De kaasmarkt maakt een gestage uitbreiding door onder invloed van de toenemende vraag op de interne en de externe markt. Bijgevolg zijn de prijzen voor kaas in het algemeen reeds geruime tijd constant en hebben ze weinig te lijden gehad van de verlaging van de institutionele prijzen voor bulkproducten (boter en mageremelkpoeder). De permanente en de facultatieve steun voor de particuliere opslag van een hoogwaardig, marktgericht product als kaas kan daarom niet langer worden gerechtvaardigd, noch vanuit economisch oogpunt, noch vanuit de invalshoek van het marktbeheer, en moet derhalve worden afgeschaft.

(10)

In het kader van de hervorming van de zuivelsector en de huidige marktsituatie is de steun voor mageremelkpoeder dat als diervoeder wordt gebruikt, en van ondermelk voor de productie van caseïne, momenteel niet nodig. Niettemin kan deze vorm van steun nog een rol spelen wanneer als gevolg van overschotten of dreigende overschotten van zuivelproducten een ernstig onevenwicht op de markt ontstaat of dreigt te ontstaan. Seizoensopslag is een regeling waartoe door de Commissie op grond van een degelijke marktanalyse behoort te worden besloten, en geen regeling die elk jaar verplicht wordt opengesteld. Daarom dient de regeling facultatief te worden. Bij toepassing van de regeling moet de steun vooraf of in het kader van een openbare inschrijving worden vastgesteld.

(11)

Vanaf 2004 is de afzetsteun voor boter die bestemd is voor verwerking in banketbakkerswaar en roomijs en voor rechtstreekse consumptie, in overeenstemming met de interventieprijs voor boter verlaagd, zodat hij nul bedroeg op het moment dat de openbare inschrijvingen vanwege de gunstige marktsituatie werden opgeschort. Regelingen voor afzetsteun zijn niet langer noodzakelijk om de markt tegen het interventieprijsniveau te ondersteunen en moeten daarom verdwijnen.

(12)

Net zoals in het kader van de GLB-hervorming van 2003 moet, in het belang van het concurrentievermogen, de marktgerichtheid en de duurzaamheid van de landbouw in de Gemeenschap, de overschakeling van productiesteun naar producentensteun worden voortgezet door de steun die in de Integrale-GMO-verordening is vastgesteld voor gedroogde voedergewassen, vlas, hennep en aardappelzetmeel af te schaffen, en door de steun voor deze producten te integreren in de regeling inzake ontkoppelde inkomenssteun voor elk bedrijf.

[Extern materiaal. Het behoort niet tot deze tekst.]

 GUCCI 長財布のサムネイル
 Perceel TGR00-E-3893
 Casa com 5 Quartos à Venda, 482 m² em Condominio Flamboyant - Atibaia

De ontkoppeling van de aan de landbouwers te betalen steun zal, net als in het kader van de GLB-hervorming van 2003, de daadwerkelijk betaalde bedragen onverlet laten, maar wel de doeltreffendheid van de inkomenssteun aanzienlijk verbeteren.

(13)

De steun voor vlas- en hennepvezels dient nu te worden ontkoppeld. Om de sector de kans te bieden zich aan te passen dient voor de integratie van de steun in de bedrijfstoeslagregeling evenwel in een overgangsperiode te worden voorzien. Derhalve dient er voor lange en korte vlasvezels alsook voor hennepvezels tot 1 juli 2012 steun te worden verleend. Omdat de steun voor korte vlasvezels en hennepvezels gehandhaafd blijft, moet de steun voor lange vlasvezels worden verminderd, ten einde het evenwicht van de steun in de sector te bewaren. Om tegemoet te komen aan de gerechtvaardigde verwachtingen van de telers dient deze vermindering evenwel pas plaats te vinden met ingang van het verkoopseizoen 2010/2011.

(14)

De regeling voor gedroogde voedergewassen is hervormd in 2003, toen een deel van de steun aan de sector is gegeven en de rest is ontkoppeld en in de bedrijfstoeslagregeling is geïntegreerd. Gelet op de algemene verschuiving naar meer marktgerichtheid, en gezien de huidige vooruitzichten op de markten voor voeder en eiwithoudende gewassen en de bijzonder negatieve gevolgen die de productie van kunstmatig gedroogde voedergewassen volgens recent onderzoek blijkt te hebben op het milieu, dient de resterende steun die nog aan de sector wordt verleend, eveneens te worden ontkoppeld zodat de ontkoppeling op de gehele sector van toepassing is. Teneinde de gevolgen van de stopzetting van de steunverlening aan de sector te verzachten, dient de prijs die wordt betaald aan grondstoffenproducenten die als gevolg van de ontkoppeling zelf meer rechtstreekse toeslagrechten zullen ontvangen, op de juiste manier te worden aangepast. Hoewel de herstructurering van de sector sinds de hervorming van 2003 gaande is, dient een overgangsperiode tot 1 april 2012 te worden ingelast om de sector de kans te geven zich aan te passen.

(15)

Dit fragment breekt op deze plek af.